= Beginning of Section =

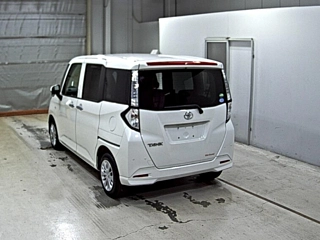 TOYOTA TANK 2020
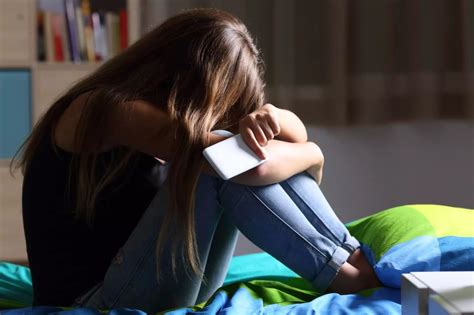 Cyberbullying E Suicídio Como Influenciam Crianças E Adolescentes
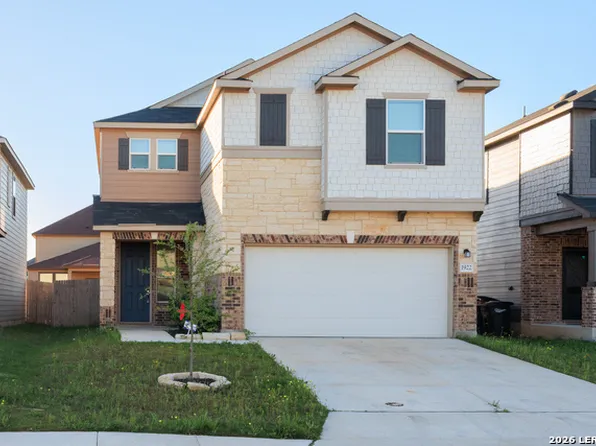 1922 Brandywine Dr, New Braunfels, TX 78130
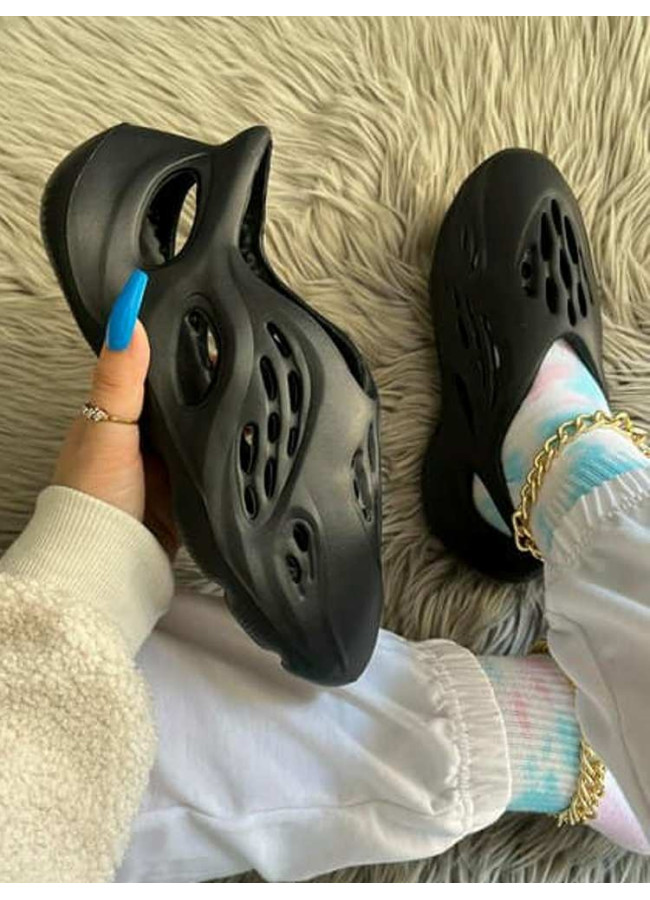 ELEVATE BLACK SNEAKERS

= End of Section =
= Beginning of Section =

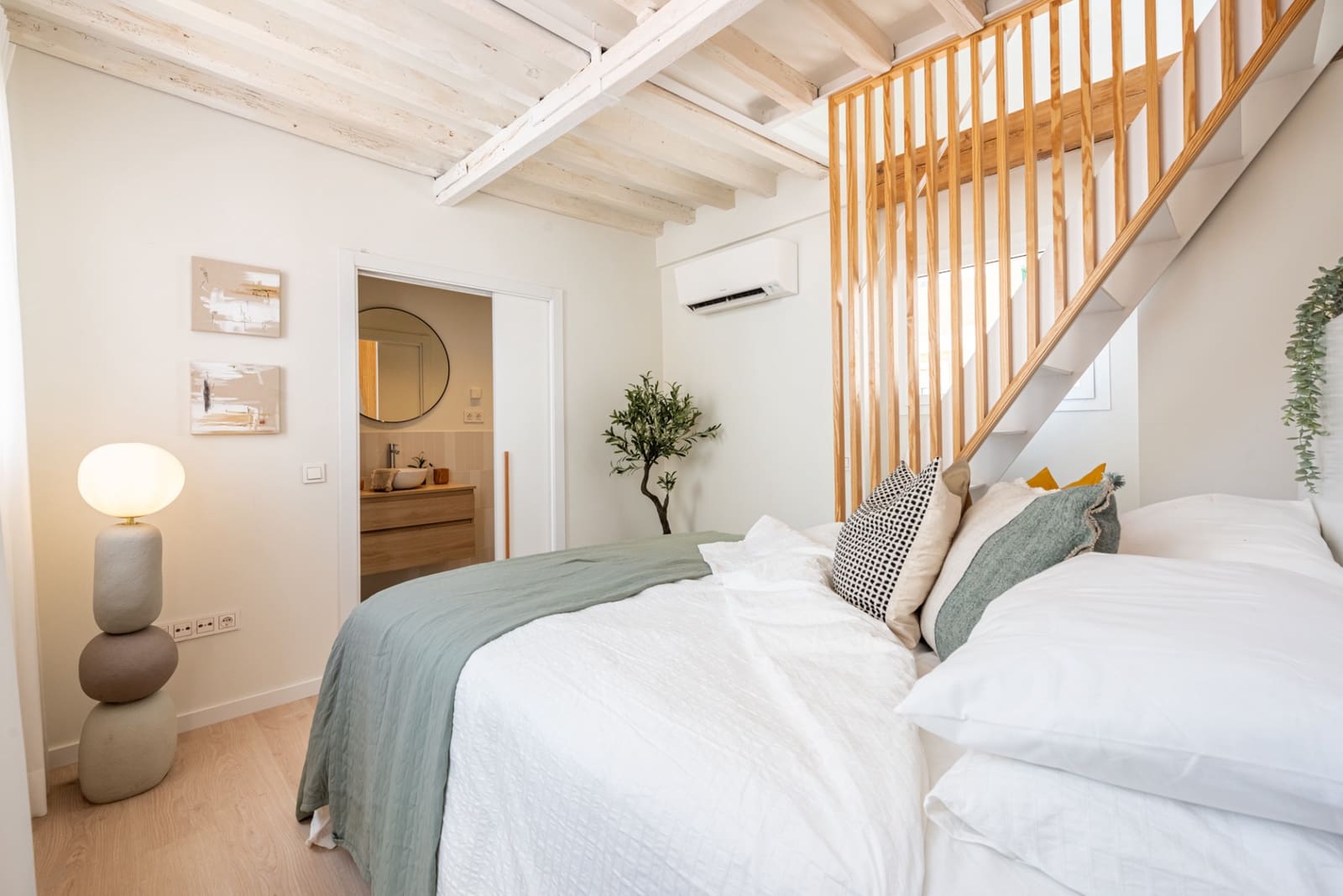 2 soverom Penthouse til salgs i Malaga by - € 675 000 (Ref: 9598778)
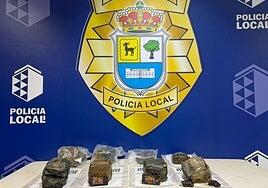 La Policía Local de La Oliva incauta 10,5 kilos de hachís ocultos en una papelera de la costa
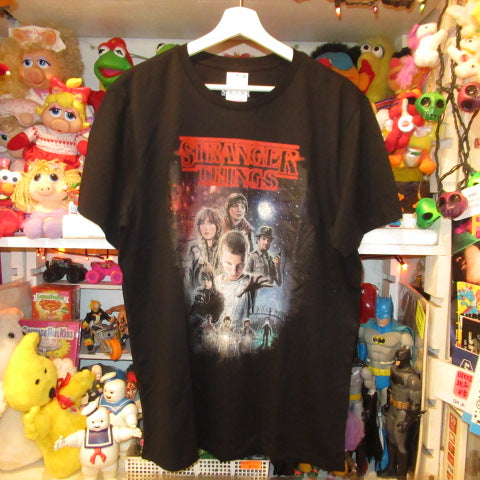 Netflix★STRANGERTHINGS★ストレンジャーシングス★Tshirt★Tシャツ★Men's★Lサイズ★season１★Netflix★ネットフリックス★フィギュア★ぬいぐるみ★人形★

= End of Section =
= Beginning of Section =

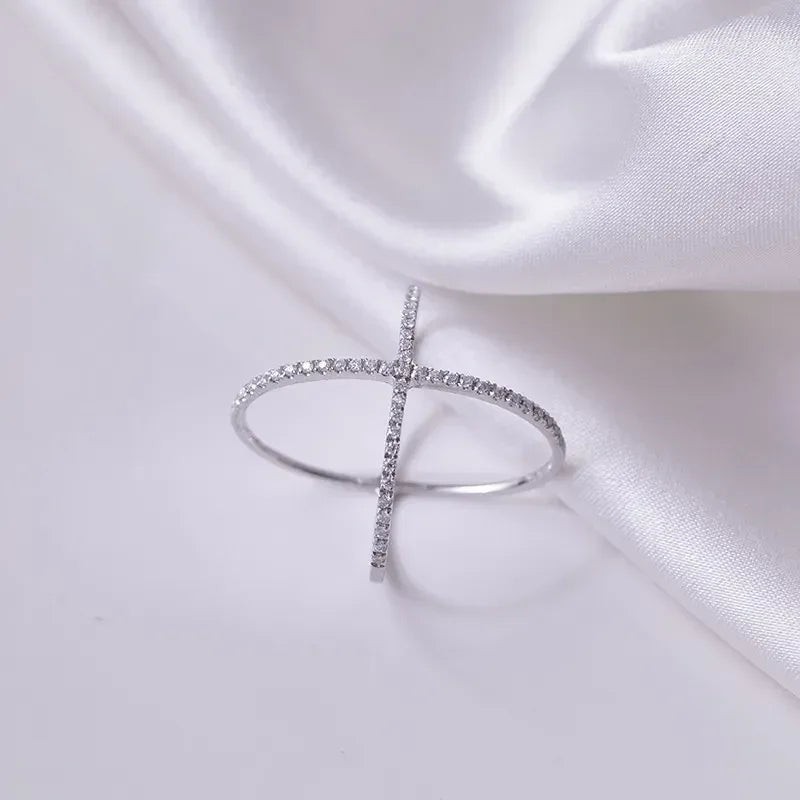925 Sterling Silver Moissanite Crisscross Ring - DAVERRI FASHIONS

= End of Section =

Your goal: Starting at the line above that holds "Cyberbullying E Suicídio", repeat every line exactly down to and including the line that holds "ELEVATE BLACK SNEAKERS", then stop. Do not carry over any pictures.

Task response:
 Cyberbullying E Suicídio Como Influenciam Crianças E Adolescentes
 1922 Brandywine Dr, New Braunfels, TX 78130
 ELEVATE BLACK SNEAKERS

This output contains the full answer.